The incidence of different types of focal brain lesions is indicated in Tables 1 and 2. Type I lesions were observed in 17 rabbits, ranging from 1 to 20 foci per brain region throughout all affected rabbits (mean: 7). The lesions most frequently involved the neocortex (20/56 foci throughout the rabbits), thalamus (14/56), and hippocampus (10/56), followed by other areas of gray matter in the cerebrum. Type II lesions were observed in 24 rabbits (57 foci throughout the rabbits, 1–20 foci per region, mean: 7.1). The lesions were as frequently observed as type I lesions and had an identical distribution pattern. Type III lesions were slightly less frequent than types I and II (19 rabbits, 50 foci throughout the rabbits, 1–22 foci per region, mean: 6.25). The basal nuclei were affected second most often, following the neocortex.
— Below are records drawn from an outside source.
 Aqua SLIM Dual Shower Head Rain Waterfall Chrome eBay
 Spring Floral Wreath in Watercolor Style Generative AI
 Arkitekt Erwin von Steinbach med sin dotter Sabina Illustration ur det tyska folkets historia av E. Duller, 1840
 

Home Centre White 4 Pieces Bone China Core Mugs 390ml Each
Type IV lesions were the most commonly observed focal lesions (22 rabbits, 64 foci throughout the rabbits, 0–33 foci per region, mean: 8). The predominance in the cerebral cortex was also evident in type IV lesions. Similar to type II and III lesions, the innermost layers of the neocortex were the most commonly affected. The second most common site of manifestation was in the thalamus. Type V lesions were observed in 12 rabbits (20 foci throughout the rabbits, 0–10 foci per region, mean: 2.5), and type VI lesions were observed in 13 rabbits (20 foci throughout the rabbits, 0–15 foci per region, mean: 2.5). Both of these lesion types (V and VI) were most frequent in the neocortex.
Incidence of different types of focal brain lesions (types I–VI), according to location, in Encephalitozoon cuniculi encephalitis–affected rabbits.*
Numbers indicate the number of focal lesions per brain region throughout all affected rabbits.
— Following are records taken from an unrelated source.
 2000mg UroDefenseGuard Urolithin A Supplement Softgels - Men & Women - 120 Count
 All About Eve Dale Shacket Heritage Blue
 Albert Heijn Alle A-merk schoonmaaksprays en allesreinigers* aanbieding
Incidence of different types of focal lesions in the neocortices of Encephalitozoon cuniculi encephalitis–affected rabbits.
Granulomas were most frequently found in the neopallium (31/33 affected rabbits), followed by the thalamus (17/33), the hippocampus (16/33), and the basal nuclei (16/33). The brain stem (15/33) was less frequently affected. Granulomatous lesions were observed in the cerebellum at a lower frequency than in the other regions (9/33). In summary, focal lesions were largely restricted to the gray matter and primarily spared the white matter (Table 1). In the cerebral cortex, the inner layers were more commonly affected than the middle or the outer layers (Table 2).
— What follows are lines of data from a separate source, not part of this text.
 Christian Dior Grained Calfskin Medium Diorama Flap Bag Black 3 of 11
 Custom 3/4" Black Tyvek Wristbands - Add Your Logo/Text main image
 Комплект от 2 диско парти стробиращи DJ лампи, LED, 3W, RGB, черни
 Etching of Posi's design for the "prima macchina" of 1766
In addition to focal parenchymal lesions with tissue destruction and remodeling, all rabbits with granulomatous lesions also exhibited lymphoplasmacytic meningoencephalitis, which was characterized by perivascular cuffs and leptomeningeal infiltrates consisting primarily of lymphocytes and plasma cells (Fig. 13). These inflammatory changes were also observed in 5 rabbits lacking other brain lesions and in 1 rabbit with focal neuronal degeneration.

Brain; rabbit no. 81. Severe lymphoplasmacytic infiltration in the leptomeninx. Hematoxylin and eosin. Bar = 50 μm.
Lymphoplasmacytic meningoencephalitis most frequently affected the neopallium (33/33), followed by the hippocampus, the basal nuclei, and the thalamus (26/33 each). The brain stem (23/33) and cerebellum (22/33) were less frequently involved.
Lesions in other organs
In the setting of an active E. cuniculi infection, focal granulomatous infiltrates were observed in the lungs of 37% (14/38), the livers of 16% (6/38), and the hearts of 5% (2/38) of the infected rabbits (Figs. 14, 15). Lymphoplasmacytic periportal infiltrates in the liver and lymphoplasmacytic myocarditis were noted in 95% (36/38) and 58% (22/38), respectively, of the infected rabbits. In 58% (22/38) of the infected rabbits, interstitial, lymphoplasmacytic infiltrates were found in the lungs, partly with hyperplasia of bronchiolus-associated lymphoid tissue. In 1 case, phacoclastic uveitis with spores was observed in the lens. In the remaining rabbits without confirmed E. cuniculi infection (n = 43), focal granulomatous infiltrates were not found in the liver. Granulomatous inflammation was observed in the lungs, caused by lungworms, of 5% (2/43) and in the heart of 2% (1/43) of the noninfected rabbits. Lymphoplasmacytic infiltrates were noted in the liver of 19% (8/43), in the lungs of 7% (3/43), and in the heart of 7% (3/43) of the rabbits without confirmed E. cuniculi infections.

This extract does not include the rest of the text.